Brief: Copy from the first line below down to and including the line with "Chanel Classic Flap". Skip the pictures.
◇ ◇ ◇
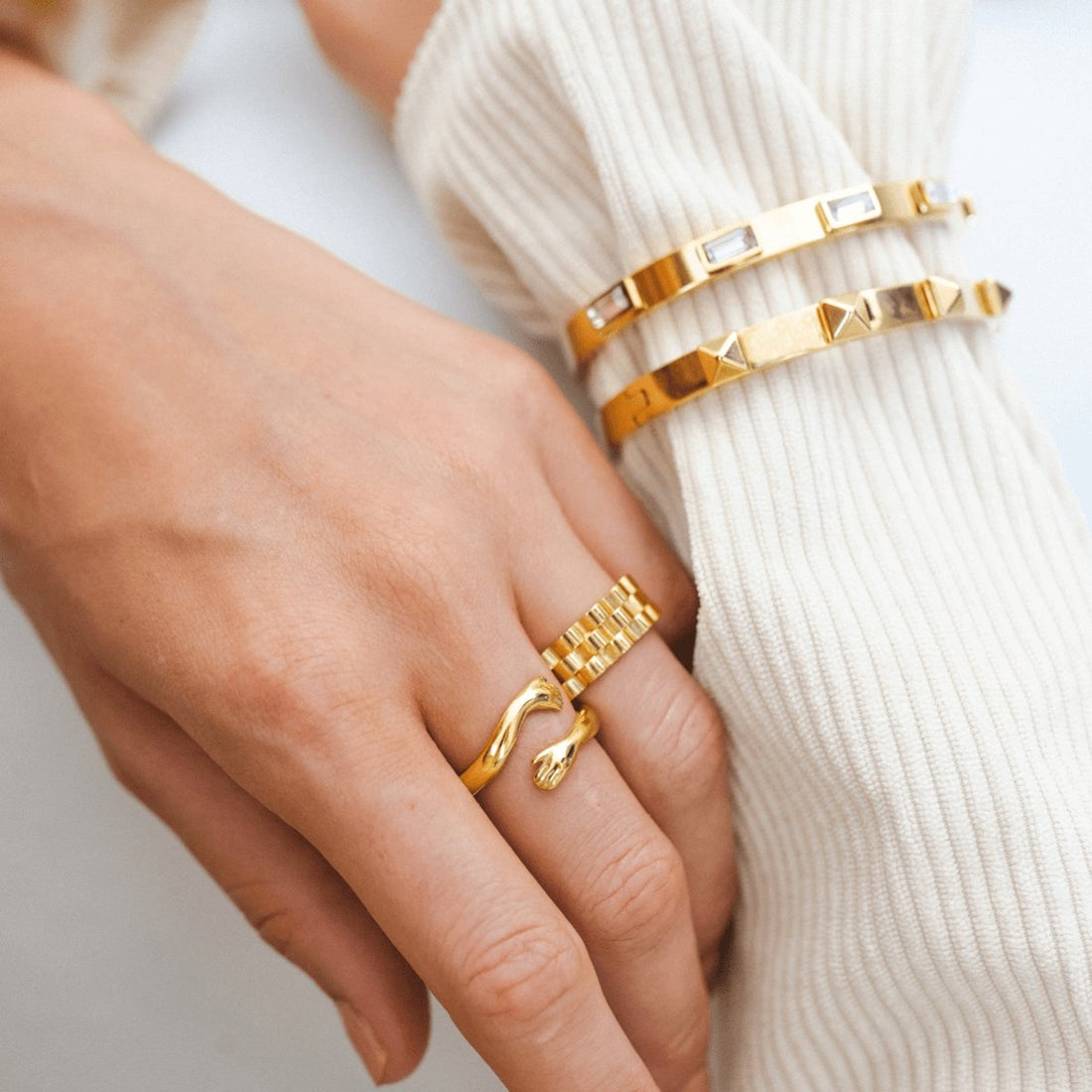 Navette Crystal Bangle 18K Gold Plated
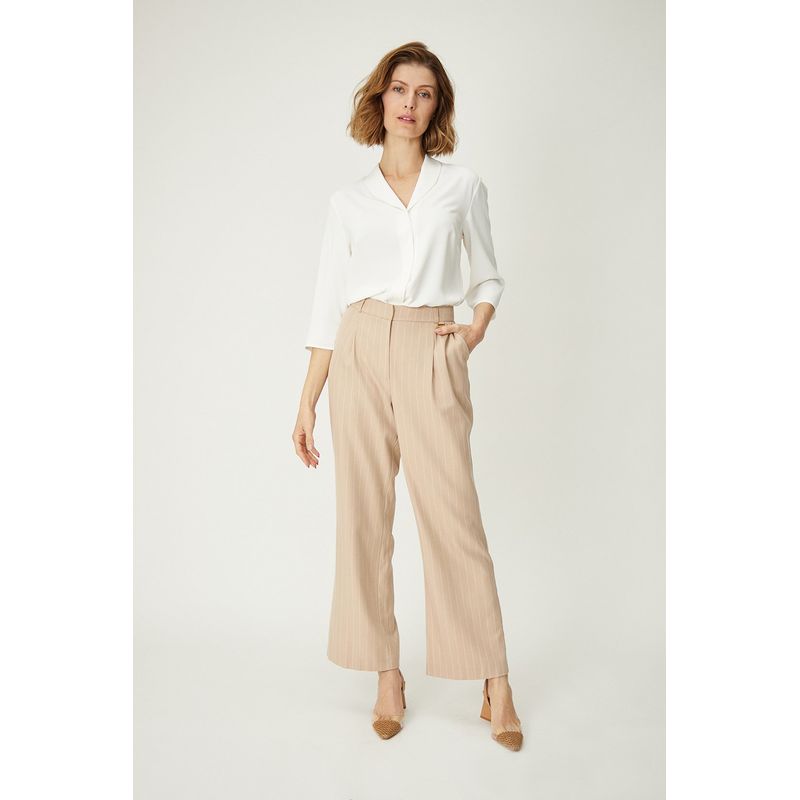 MA GRIFFE - Pantalon Liso Beige Magriffe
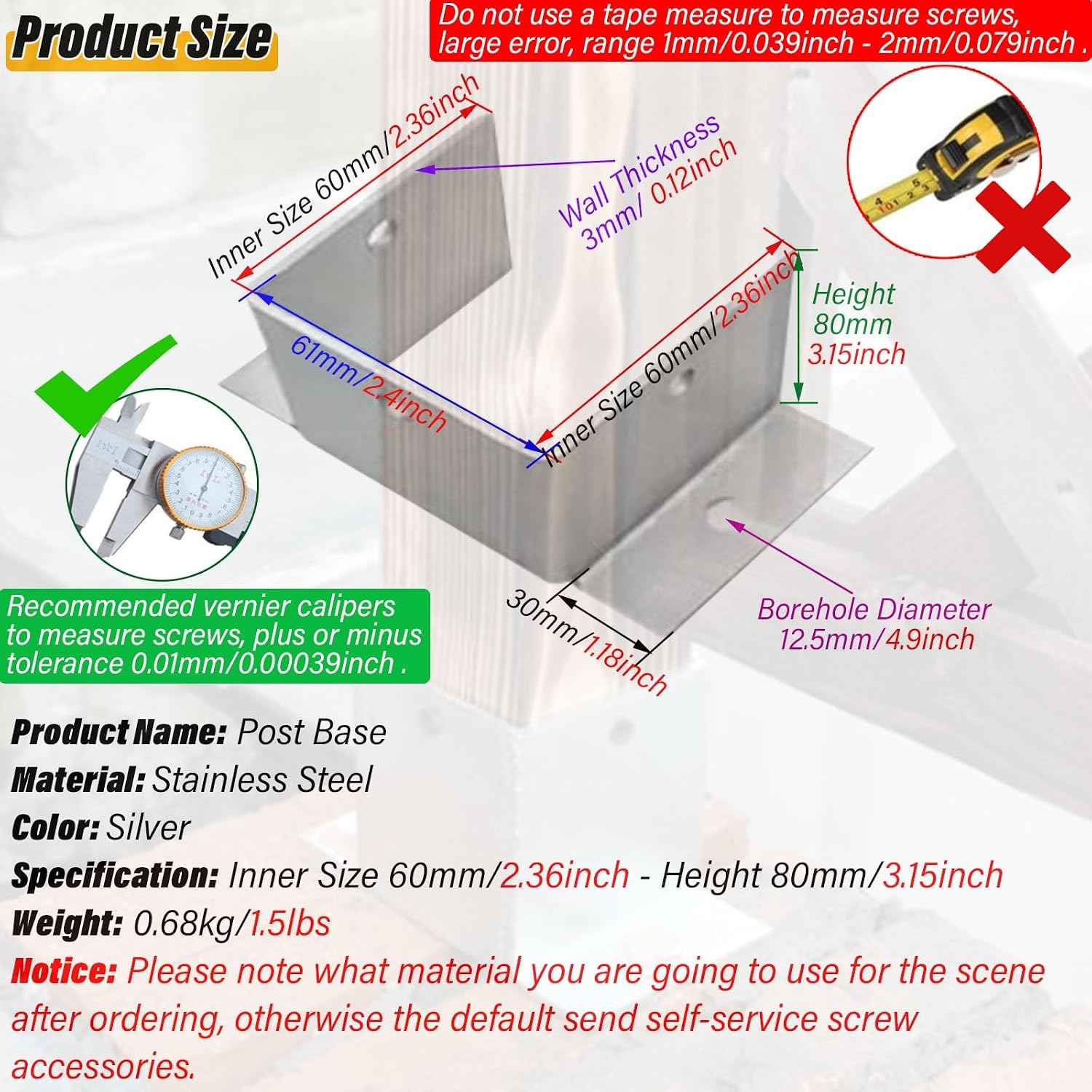Stainless Steel Post Base, Large Railing Post Brackets/Heavy Duty Fence Post Anchor Fence Post Mounting Bracket for Wooden Posts Mailboxes Deck Post Fence Post, 4 Pcs (Size : 60x60x80mm/2.4x2.4x3.2i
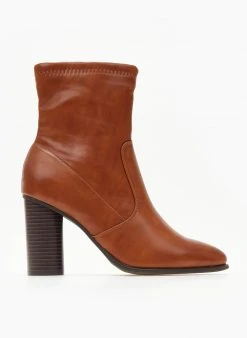 The Fashion Project Μποτάκια με στρογγυλό ψηλό τακούνι - Ταμπά -The Fashion Project κατάστημα mpotakia me stroggulo psilo takouni 105749 0ghi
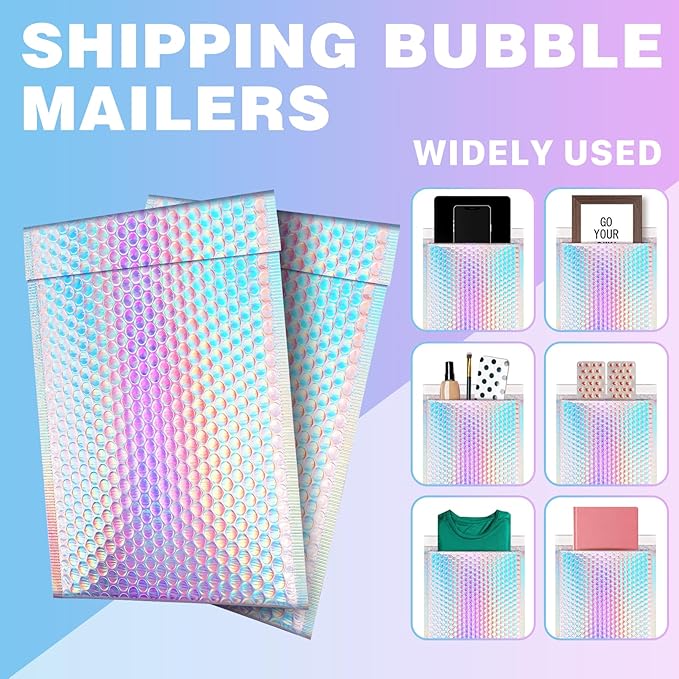25 Pcs Metallic Bubble Mailers, 8x10 Inch Holographic Bubble Mailers, Poly Padded Envelopes, Self Sealing Shipping Bags, Waterproof Cushion Envelopes for Mailing Packaging Small Business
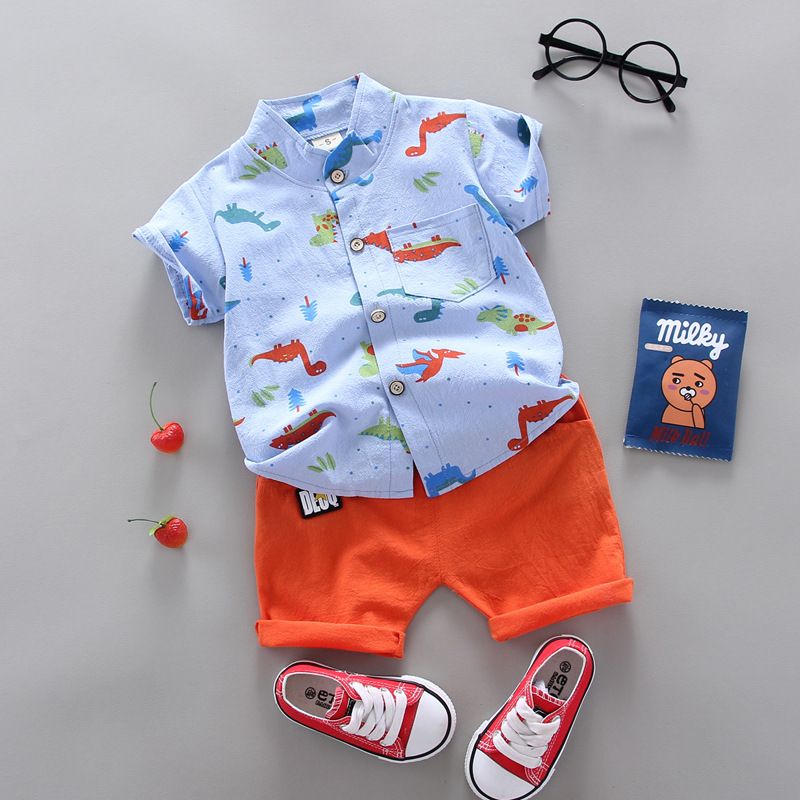 Sommer Koreanische Version Von Dünnen Baby Und Kleinkind Baby Dinosaurier Cartoon Shirt Kurzarm Shorts Zwei Stück Set Trendy Großhandel_voghion.com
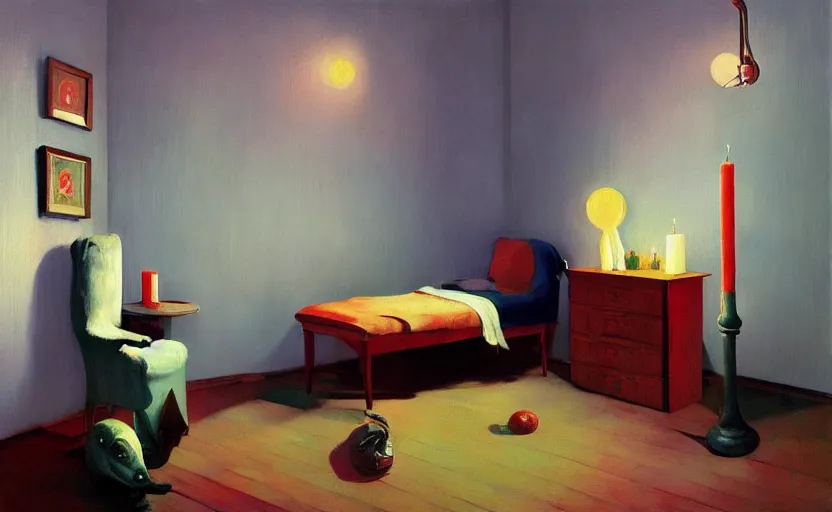Prompt: Cozy soviet room apartment with candles, very coherent, painted by Francis Bacon and Edward Hopper, Wayne Barlowe, painted by James Gilleard, surrealism, airbrush, art by JamesJean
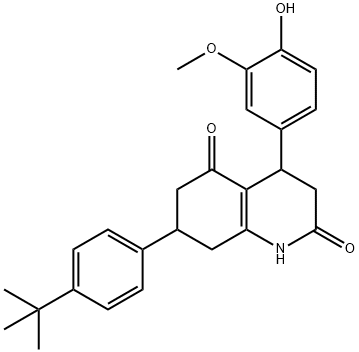 7-(4-tert-butylphenyl)-4-(4-hydroxy-3-methoxyphenyl)-1,3,4,6,7,8-hexahydroquinoline-2,5-dione Struktur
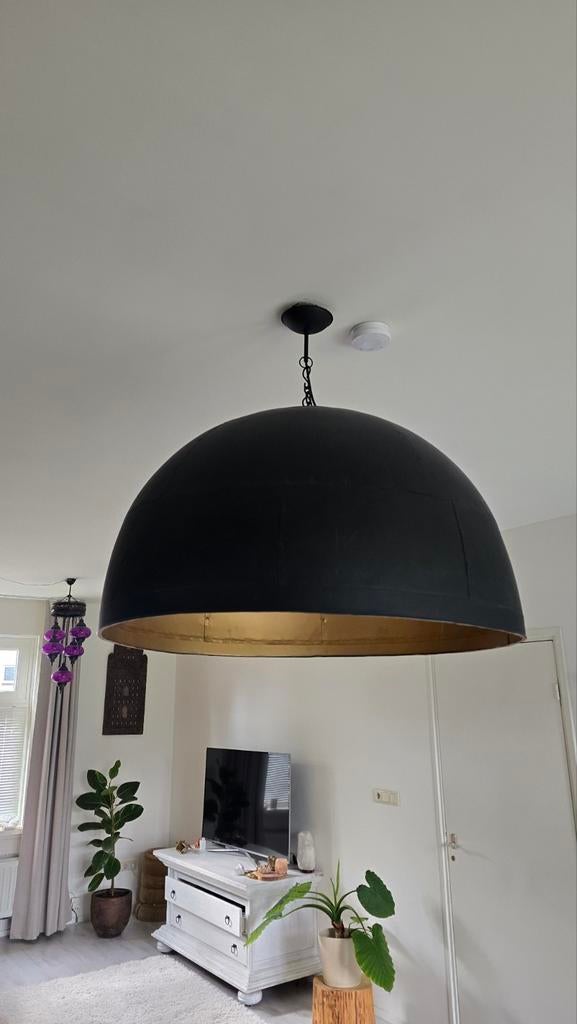 Grote zwarte lamp, 84cm , industrieel, Gebruikt, Modern, Industrieel, Ophalen of Verzenden, Metaal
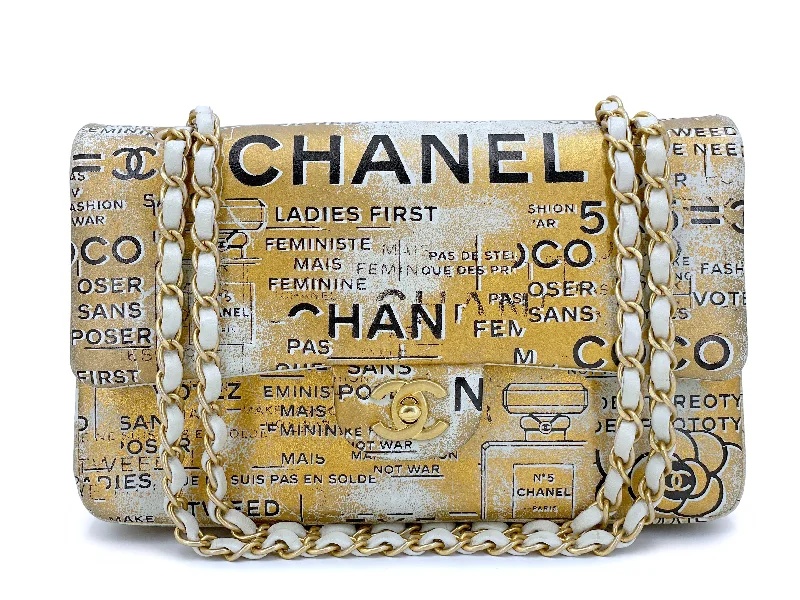 Chanel Classic Flap Bag for Evening PartyChanel Newspaper Flap Bag 2015 Gold Graffiti Medium Double Classic GHW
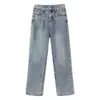 Jeans de Pierna Ancha High Street Americanos para Mujer, Invierno Tallas Grandes Nuevo Holgado Nicho Petite Pierna Recta Largo hasta el Suelo Modernos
◇ ◇ ◇
Response area:
 Navette Crystal Bangle 18K Gold Plated
 MA GRIFFE - Pantalon Liso Beige Magriffe
Stainless Steel Post Base, Large Railing Post Brackets/Heavy Duty Fence Post Anchor Fence Post Mounting Bracket for Wooden Posts Mailboxes Deck Post Fence Post, 4 Pcs (Size : 60x60x80mm/2.4x2.4x3.2i
 The Fashion Project Μποτάκια με στρογγυλό ψηλό τακούνι - Ταμπά -The Fashion Project κατάστημα mpotakia me stroggulo psilo takouni 105749 0ghi
25 Pcs Metallic Bubble Mailers, 8x10 Inch Holographic Bubble Mailers, Poly Padded Envelopes, Self Sealing Shipping Bags, Waterproof Cushion Envelopes for Mailing Packaging Small Business
 Sommer Koreanische Version Von Dünnen Baby Und Kleinkind Baby Dinosaurier Cartoon Shirt Kurzarm Shorts Zwei Stück Set Trendy Großhandel_voghion.com
Prompt: Cozy soviet room apartment with candles, very coherent, painted by Francis Bacon and Edward Hopper, Wayne Barlowe, painted by James Gilleard, surrealism, airbrush, art by JamesJean
 7-(4-tert-butylphenyl)-4-(4-hydroxy-3-methoxyphenyl)-1,3,4,6,7,8-hexahydroquinoline-2,5-dione Struktur
 Grote zwarte lamp, 84cm , industrieel, Gebruikt, Modern, Industrieel, Ophalen of Verzenden, Metaal
 Chanel Classic Flap Bag for Evening PartyChanel Newspaper Flap Bag 2015 Gold Graffiti Medium Double Classic GHW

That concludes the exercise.